PROMPT => When a line of the listing below has the string "goes" in it, copy that line.

EXTRACTED DATA =>

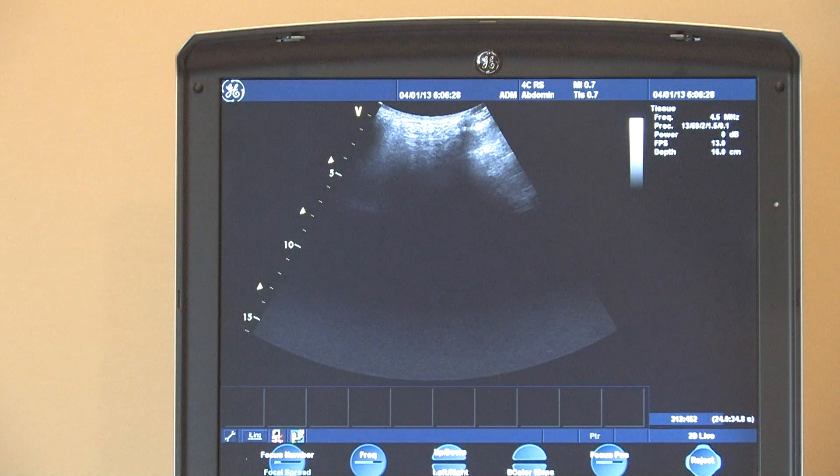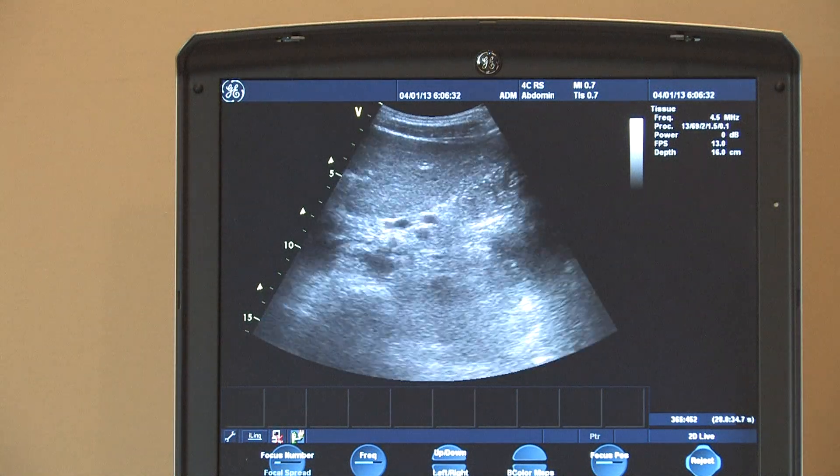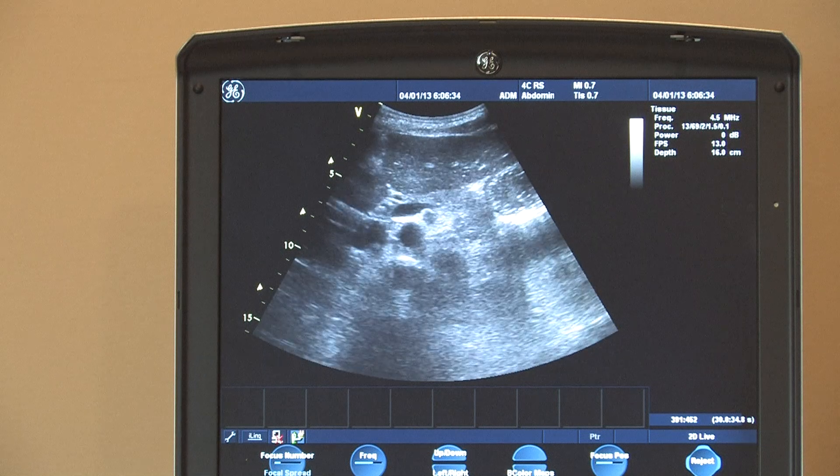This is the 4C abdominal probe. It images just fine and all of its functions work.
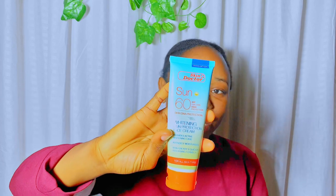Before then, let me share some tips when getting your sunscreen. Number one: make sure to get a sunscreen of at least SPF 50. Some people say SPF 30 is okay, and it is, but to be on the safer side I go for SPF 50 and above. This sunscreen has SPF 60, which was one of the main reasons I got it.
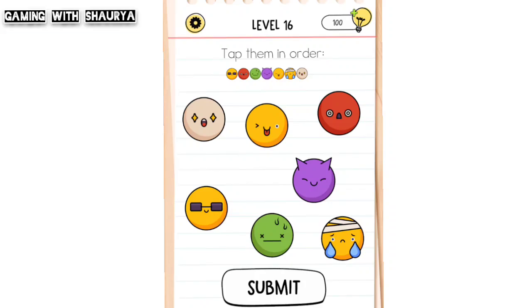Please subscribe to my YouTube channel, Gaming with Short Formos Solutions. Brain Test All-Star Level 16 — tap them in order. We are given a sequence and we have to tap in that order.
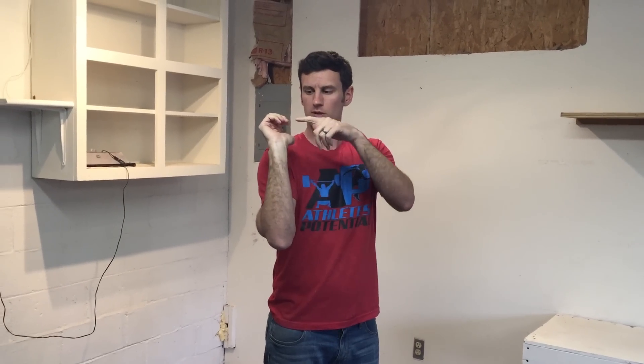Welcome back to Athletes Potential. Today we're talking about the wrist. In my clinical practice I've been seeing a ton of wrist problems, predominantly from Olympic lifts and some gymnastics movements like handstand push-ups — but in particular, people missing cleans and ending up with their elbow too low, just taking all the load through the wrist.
--
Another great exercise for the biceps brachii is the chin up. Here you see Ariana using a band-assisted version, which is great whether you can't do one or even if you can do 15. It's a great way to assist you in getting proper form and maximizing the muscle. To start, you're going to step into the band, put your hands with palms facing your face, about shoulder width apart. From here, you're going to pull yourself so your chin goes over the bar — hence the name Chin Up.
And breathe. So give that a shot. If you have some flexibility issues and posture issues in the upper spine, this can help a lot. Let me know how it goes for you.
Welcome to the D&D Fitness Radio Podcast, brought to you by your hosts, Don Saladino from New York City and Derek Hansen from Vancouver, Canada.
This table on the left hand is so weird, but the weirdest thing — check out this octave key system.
---
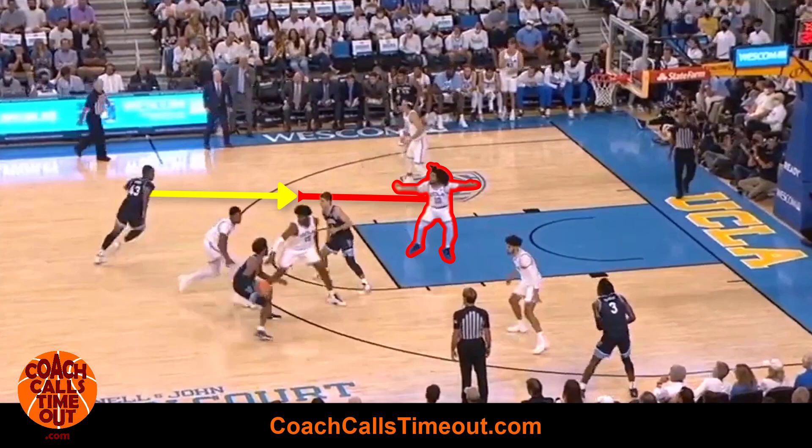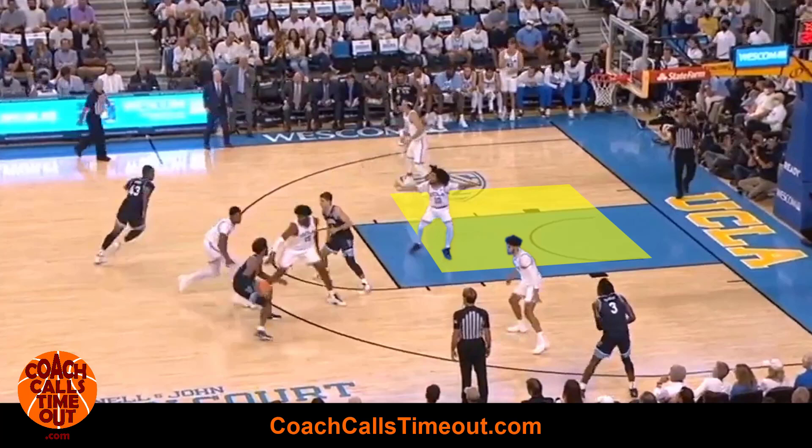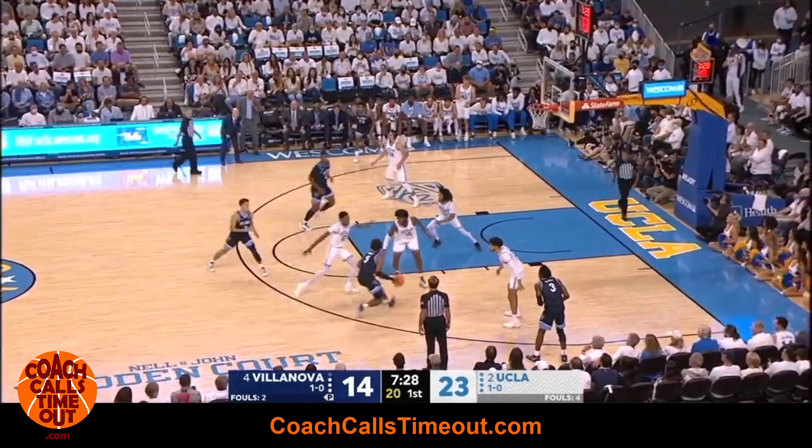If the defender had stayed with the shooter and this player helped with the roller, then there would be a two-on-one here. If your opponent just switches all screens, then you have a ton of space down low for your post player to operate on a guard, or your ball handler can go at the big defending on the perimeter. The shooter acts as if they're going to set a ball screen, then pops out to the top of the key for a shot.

EXPECTED ANSWER =>
Another great exercise for the biceps brachii is the chin up. Here you see Ariana using a band-assisted version, which is great whether you can't do one or even if you can do 15. It's a great way to assist you in getting proper form and maximizing the muscle. To start, you're going to step into the band, put your hands with palms facing your face, about shoulder width apart. From here, you're going to pull yourself so your chin goes over the bar — hence the name Chin Up.
And breathe. So give that a shot. If you have some flexibility issues and posture issues in the upper spine, this can help a lot. Let me know how it goes for you.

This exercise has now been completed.